Exploração

Ministério Público faz acordo com empresas fornecedoras da Renner

Bolivianos resgatados de oficina devem receber verbas salariais e rescisórias, além de danos morais, com valor de quase R$ 1 milhão. Eles serão recontratados a partir de fevereiro

Igor Ojeda/repórter brasil

Os dormitórios eram divididos por madeira e às vezes por cortinas de tecido, com falta de higiene e privacidade

São Paulo – O Ministério Público do Trabalho (MPT) em São Paulo informou hoje (2) ter firmado um termo de ajustamento de conduta (TAC) com duas fornecedoras da Lojas Renner, flagradas com 37 trabalhadores bolivianos em condições análogas à de escravidão. Pelo acordo com as empresas de confecção, serão pagas verbas rescisórias e salariais, além de danos morais para os empregados da oficina quarteirizada. Segundo o MPT, o valor chega a quase R$ 1 milhão.

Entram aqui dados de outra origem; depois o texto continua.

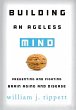 Building an Ageless Mind - Bild 1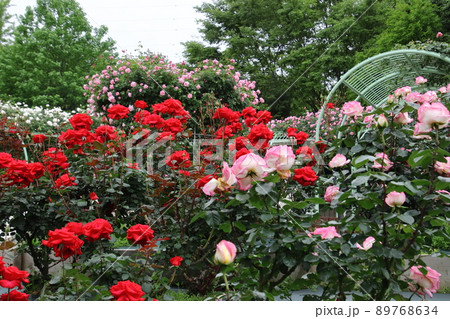 智光山公園場バラ園 89768634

Ainda conforme a TAC, as empresas – Kabriolli Indústria e Comércio de Roupas Ltda. e Indústria Têxtil Betilha Ltda. – vão readmitir os trabalhadores a partir de fevereiro do ano que vem, quando termina o pagamento do seguro-desemprego especial. Está prevista ainda uma estabilidade de seis meses. A Procuradoria afirma que o documento “não isenta a responsabilidade da Lojas Renner e nem reconhece a licitude da cadeia produtiva, tendo sido firmado apenas para a imediata proteção dos trabalhadores resgatados e desamparados”. Isso sem prejuízo de uma possível ação judicial, inclusive com eventual responsabilização da destinatária dos produtos.

O MPT entende que a Renner pratica “dumping social”, prática pela qual uma empresa obtém vantagem financeira por meio da desvalorização da mão de obra para obtenção de lucro e ao se beneficiar de trabalhadores em condições análogas às de escravo. Há um inquérito civil em curso. A empresa recebeu 30 autuações do Ministério do Trabalho e Emprego. “A Lojas Renner negou-se a reconhecer qualquer responsabilidade no caso, porém as investigações continuam para o dimensionamento de toda a sua responsabilidade”, diz o Ministério Público, em nota.

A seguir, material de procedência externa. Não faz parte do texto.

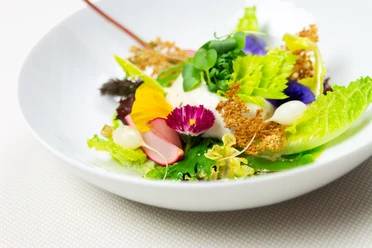 Reuter_5 Ein eleganter Salatteller mit bunten Blumen, Radieschen, frischen Blättern und leuchtenden Kräutern.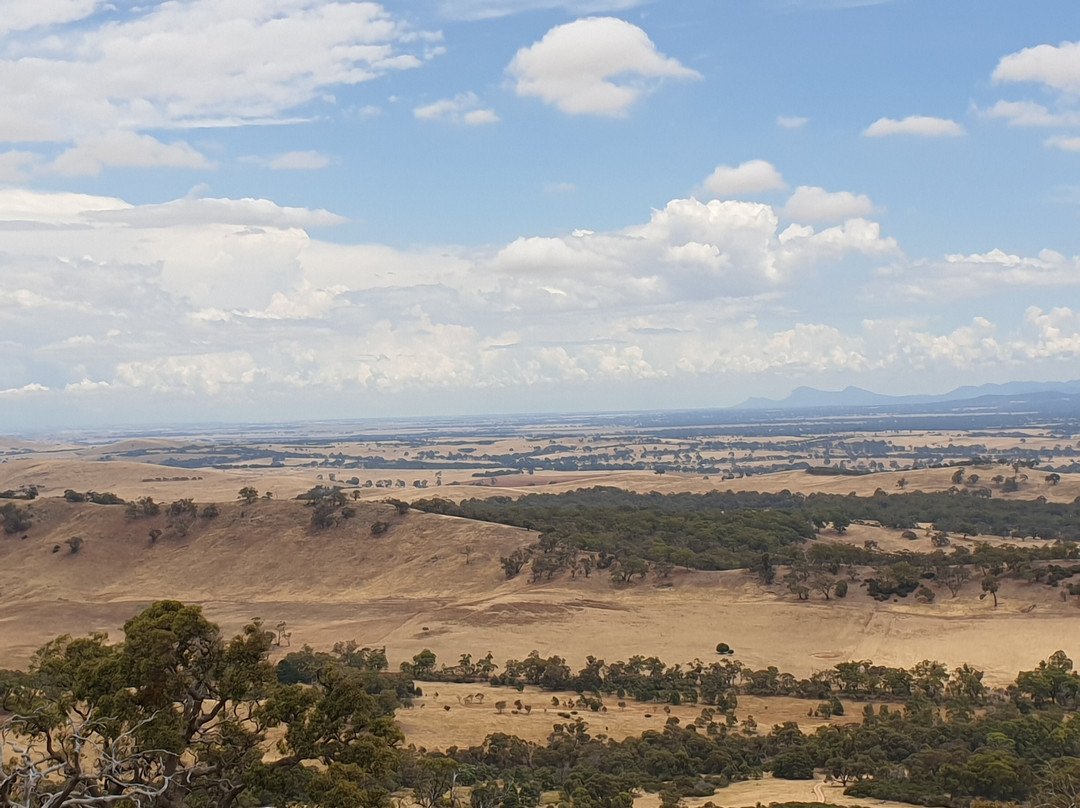 One Tree Hill Lookout-亚拉拉特山必去景点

A fiscalização, realizada entre outubro e novembro, foi resultado de operação conjunta entre a Superintendência Regional do Trabalho e Emprego (SRTE) em São Paulo, o Ministério Público e a Defensoria Pública da União. Foram encontrados 37 costureiros bolivianos, incluindo uma adolescente. “A oficina é de propriedade de uma boliviana e fornecia alojamento e alimentação aos trabalhadores, cujos valores eram abatidos em seus rendimentos”, informa o MPT. “Os dormitórios eram divididos por madeira e às vezes por cortinas de tecido, com falta de higiene e privacidade, com botijões de gás empilhados e alimentos armazenados em locais impróprios.”

Havia um registro de ponto indicando jornada média de oito horas diárias, mas a fiscalização constatou que o expediente começava às 7h e ia até as 21h, “havendo semanas em que trabalhavam até 70 horas”. Também foi apurada fraude no pagamento: oficialmente, os salários eram mensais e fixos, com holerites assinados, mas na prática os trabalhadores eram pagos com base na quantidade de peças produzidas, “cuja retribuição variava de R$ 0,30 a R$ 1,80 por peça”. Ainda assim, parte dos rendimentos ficam retidos com a chefe da oficina.